Your task:
The answer must consist solely of the lines from the one with "2105 - Floor" through the last line of the data, copied exactly, with no pictures.

Input data:
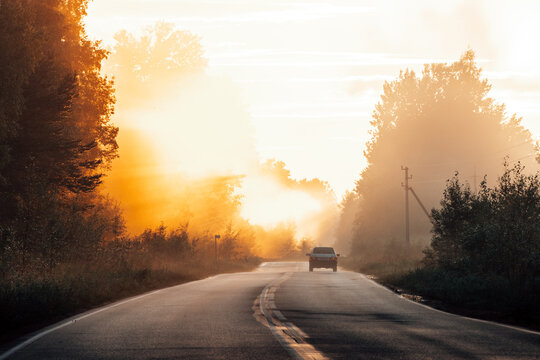 Car driving on empty asphalt road through misty forest into golden sunset sunbeams.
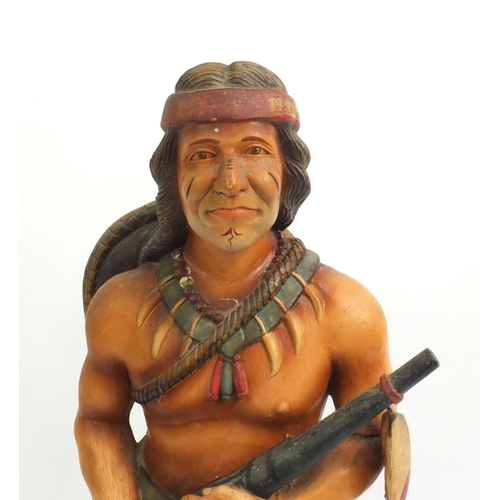 2105 - Floor standing figure of an Indian Warrior, 93cm high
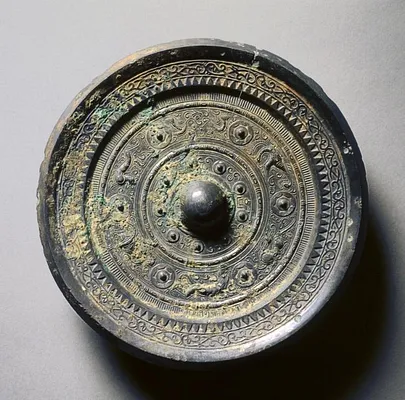 Mirror with Concentric Circles, an Immortal, and Auspicious Animals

Answer space:
 2105 - Floor standing figure of an Indian Warrior, 93cm high
 Mirror with Concentric Circles, an Immortal, and Auspicious Animals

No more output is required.